Think about it like this: Since every circle is the same shape (uh…round), the only things that distinguish two circles are where they are and how big they are. The center tells you where the circle is. The radius tells you how big it is.
Here we have a circle with center O (written ⊙O). Point A is on the circle, making the distance OA the radius of the circle.
Unfortunately, there's a little ambiguity in the term "radius." We use it to refer to a line segment with endpoints at the center of the circle and a point on the circle as well as the length of such a segment. In the figure above, OA and OB are radii of ⊙O.
Since all radii of the circle have the same length (the radius of the circle), we can prove that any two radii of the same circle are congruent.

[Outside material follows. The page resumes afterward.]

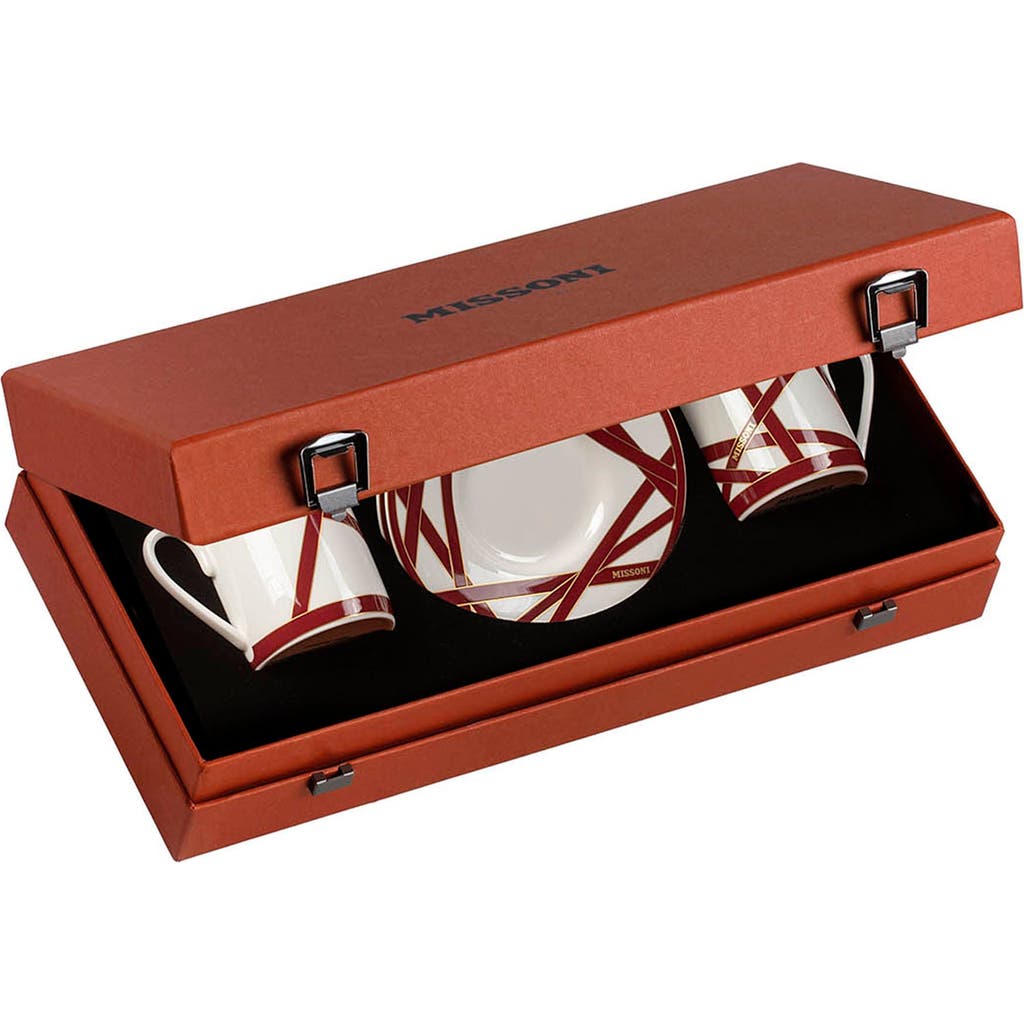 Missoni Coffee Cup & Saucer Set Of 2 In Luxury Box In Multi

For instance, given that points A and B are on ⊙O, we can prove that OA and OB are congruent using the definition of a circle. The distances OA and OB are both equal to the radius of the circle because all points on the circle are equidistant from O. In other words, OA = OB. By definition of congruence of line segments, segments OA and OB are congruent.
We might call this the "wheel theorem," since it's what makes wheels work. Seriously, it's "wheely" important.

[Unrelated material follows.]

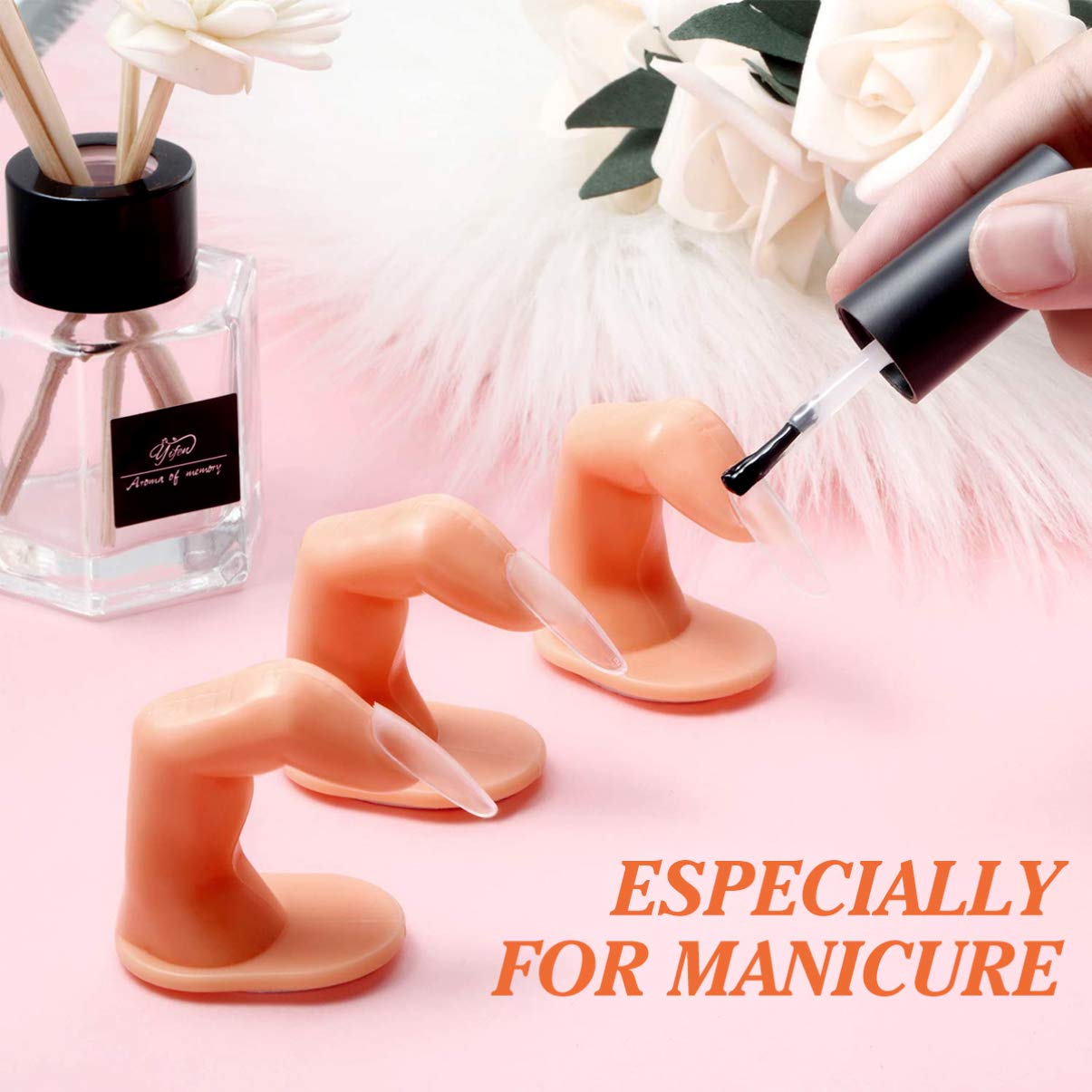 5pcs Fake Nail Practice Fingers - Professional Nail Art Training Tools for Acrylic & Gel Nails - Perfect for Manicurists, Beginners & DIY Nail Art at Home/Salon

Back in the pioneer days, a homesteading family (call them the Smiths) might have driven their wagon out into the middle of a flat, wide-open plain of untamed wilderness, hammered a stake into the ground, and claimed "all land within ten miles of the stake" as their property. What shape would the Smith family's property be?
Looks like a circle, right? It even has a center (the stake) and a radius (10 miles.) According to our definition, though, a circle is only the set of points exactly a certain distance away from the center, whereas the Smiths' property includes all points within that distance. A fence enclosing the property might be considered a circle, but the Smiths own more than the fence. Otherwise there's not much point in building the fence at all, is there?
So, while the boundary of the property is indeed a circle (with radius 10 miles and center at the stake), the entire property is technically the inside of that circle—a region we call a disk. If it helps, you can think of CDs and not pioneers.
The Smiths' fence divides the world into three regions: the set of points inside the fence, the set of points outside the fence, and the set of points on the fence. Similarly, any circle divides the plane into three regions.
Given ⊙O with radius r and a point P in the same plane as ⊙O:
• P is in the interior of ⊙O if OP < r
• P is in the exterior of ⊙O if OP > r
Finally, by definition of circle, we already know that P is on ⊙O if OP = r.
Suppose that circle ⊙O has a radius of 3 inches. If the distance OP is 3 inches, is P on the exterior, interior, or on ⊙O?
We can start by comparing the distance from P to O to the radius of ⊙O. In this case, OP = 3 inches and the radius r of ⊙O is 3 inches. Since 3 = 3, we know that OP = r. By definition that means P is on ⊙O.
With a circle, we can organize and tame any wide-open plane, just as the Smiths corralled the wilderness with their stake and circular fence. And it's no coincidence that "pioneer" contains the word "pi."